Laying aside for a moment the NUMEROUS problems with this conception of the “gospel,” we need to understand that for 500 years we have been preaching this message largely to Westerners who are churched/Christianized. We only have a conception of original sin, human depravity, right and wrong, and our sin because God has revealed to us what I means to be holy. When Luther struggled with his sinfulness, he was firmly planted in the Catholic Church. When Jonathan Edwards preached “Sinners in the Hands of an Angry God,” he was preaching revival in the Christian communities of New England.

This message was incredibly effective. It brought people to their knees in repentance. You can remind people who understand what God desires that they are guilty. Convincing non-Christians who do not understand sin that they are guilty might be the wrong way to approach them – this message had been far less effective in unChristianized areas. There, the gospel spreads through life lived together, as God reveals himself to the people by bringing his Kingdom into their midst. We do not travel to Asia and assume that they already know that they are sinners and are looking for a way to be reconciled to God (or if we do, we are incredibly ineffective and most likely quite damaging!). Instead, we approach these people in relationship, love them, and life in God’s Kingdom in their midst. Over time, they encounter God and learn what it means to be holy.

I want to suggest that we approach this generation more like the peoples in our mission fields and less like our Christian grandparents. While our parents’ generation often walked away from the church in which they had been raised, they often chose not to raise this generation in the church. If today’s young adults don’t believe “anything” or understand their own sin, perhaps we need to remember that it was their parents’ generation which taught them to believe that no beliefs are necessary and there are no limits on their actions. We are reaping the fruit of our own actions. We have created the first unChristianized generation in American history.
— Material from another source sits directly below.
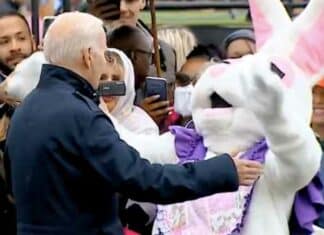 We Know Who the Bad Bunny Was Who Chased Biden Away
This is where McKnight has everything right. We should be starting with Jesus when we reach out to young adults, not because they believe that they are perfect like Jesus (they don’t by the way), but because we should ALWAYS start with Jesus. Our attempts to tell a gospel message that make Jesus tangential to God’s work are perhaps more unfaithful than we realize. We just didn’t understand that in the midst of another paradigm that we called the gospel because it was effective in bringing those who knew the story to repentance. The Father reveals himself to us through the Son by the power of the Holy Spirit. Without Jesus, we have NOTHING to preach. We also present a compelling vision of the Kingdom of God, a kingdom of justice, love, peace, and holiness. The Kingdom is not an evangelistic tool to reach this generation; it is our reality as the people of God. The Spirit has drawn us into this new community. When we live this new life, it will always be compelling. When our communities do not look this way, we need to be reminded (like Israel of old) that we are saying formless words which God does not honor because our lives are not lived in obedience to him. When we live in God’s Kingdom and share the news of Jesus, we will find that this generation is transformed by the power of God.